Je hersenen en ruggenmerg hebben ruimtes die hersenvocht bevatten. Het is een vloeistof die de hersenen en het ruggenmerg beschermt tegen verwonding en tegen infecties door giftige stoffen. Deze ruimtes worden ventrikels genoemd als ze zich in de hersenen en het ruggenmerg bevinden. Een ependymoma is een zeldzame tumor die zich vormt uit cellen in de bekleding van deze ruimten.
Afhankelijk van de locatie en agressiviteit wordt een ependymoma geclassificeerd als een van de drie hoofdtypen:
Ependymomen zijn zeldzaam, met slechts ongeveer 200 nieuwe gevallen gemeld bij volwassenen en kinderen in de Verenigde Staten elk jaar. De tumoren komen veel vaker voor bij kinderen dan bij volwassenen, waarbij de meeste tumoren voorkomen bij zuigelingen en jonge kinderen.
Zoals met de meeste hersentumoren, zijn er geen bekende oorzaken voor ependymomas. Onderzoekers hebben opgemerkt dat ependymomen de neiging hebben om zich in families te nestelen, dus er kan een overgeërfd risico zijn. Ook komen spinale ependymomen vaker voor bij mensen met neurofibromatose type 2 (NF2), een aandoening waarbij niet-kankerachtige tumoren in het zenuwstelsel groeien.
Een van de belangrijkste symptomen van ependymomas is druk in de hersenen, die hoofdpijn veroorzaakt. Vaak voel je deze hoofdpijn wanneer je 's ochtends voor het eerst wakker wordt. Kinderen met ependymomas kunnen ook hydrocephalus ervaren, een opeenhoping van vocht in de hersenen. Dit kan bij kleine kinderen tot een grotere kopomtrek leiden.
Andere symptomen van ependymomas zijn:
Ongeveer 90 procent van de ependymomen bij kinderen bevindt zich in de hersenen. De meeste ependymomen bij volwassenen zitten in de wervelkolom. Spinale tumoren kunnen rugpijnen en pijn en tintelingen in de benen veroorzaken.
Het diagnosticeren van een ependymoom kan meerdere tests vereisen. Uw arts zal beginnen met het beoordelen van uw symptomen en medische geschiedenis. Je krijgt een lichamelijk onderzoek dat een test van je reflexen, coördinatie, oog- en aangezichtsbeweging en spierkracht moet omvatten.
Andere tests omvatten:
De eerste optie voor de behandeling van een ependymoma is neurochirurgie. Het doel is om zoveel mogelijk van de tumor te verwijderen. Soms kan de locatie van de tumor dat onmogelijk maken.

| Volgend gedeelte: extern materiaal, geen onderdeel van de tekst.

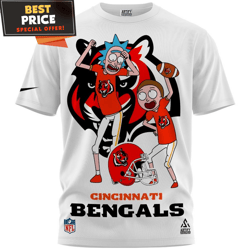 Cincinnati Bengals Rick and Morty Game Day TShirt, Gift Ideas For Bengals Fan  Best Personalized Gift  Unique Gifts Idea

Als hydrocephalus aanwezig is, kan de chirurg een shunt in de hersenen implanteren om overtollig hersenvocht af te voeren. Een shunt is een buis die de vloeistof uit de hersenen transporteert. In de meeste gevallen wordt het vocht naar de buik geleid, waar het onschadelijk in het lichaam wordt geabsorbeerd.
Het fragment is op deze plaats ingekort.